Shen Ming-Hung, Huang Chi-Cheng, Chen Yu-Tsung, Tsai Yi-Jian, Liou Fou-Ming, Chang Shih-Chang, Phan Nam Nhut
Department of Surgery, Fu Jen Catholic University Hospital, Fu Jen Catholic University, New Taipei City 24205, Taiwan.
School of Medicine, College of Medicine, Fu Jen Catholic University, New Taipei City 24205, Taiwan.
Diagnostics (Basel). 2023 Apr 19;13(8):1473. doi: 10.3390/diagnostics13081473.

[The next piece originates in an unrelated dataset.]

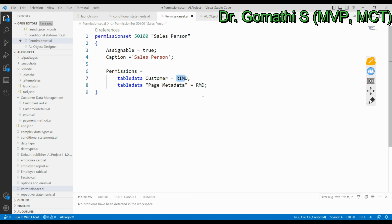An important note: the name of the permission object is limited to 20 characters when the Assignable property is set to True, and otherwise limited to 30 characters. Exceeding this limit will throw a diagnostic compile error: AL0305.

The present study aimed to develop an AI-based system for the detection and classification of polyps using colonoscopy images. A total of about 256,220 colonoscopy images from 5000 colorectal cancer patients were collected and processed. We used the CNN model for polyp detection and the EfficientNet-b0 model for polyp classification. Data were partitioned into training, validation and testing sets, with a 70%, 15% and 15% ratio, respectively. After the model was trained/validated/tested, to evaluate its performance rigorously, we conducted a further external validation using both prospective ( = 150) and retrospective ( = 385) approaches for data collection from 3 hospitals. The deep learning model performance with the testing set reached a state-of-the-art sensitivity and specificity of 0.9709 (95% CI: 0.9646-0.9757) and 0.9701 (95% CI: 0.9663-0.9749), respectively, for polyp detection. The polyp classification model attained an AUC of 0.9989 (95% CI: 0.9954-1.00). The external validation from 3 hospital results achieved 0.9516 (95% CI: 0.9295-0.9670) with the lesion-based sensitivity and a frame-based specificity of 0.9720 (95% CI: 0.9713-0.9726) for polyp detection. The model achieved an AUC of 0.9521 (95% CI: 0.9308-0.9734) for polyp classification. The high-performance, deep-learning-based system could be used in clinical practice to facilitate rapid, efficient and reliable decisions by physicians and endoscopists.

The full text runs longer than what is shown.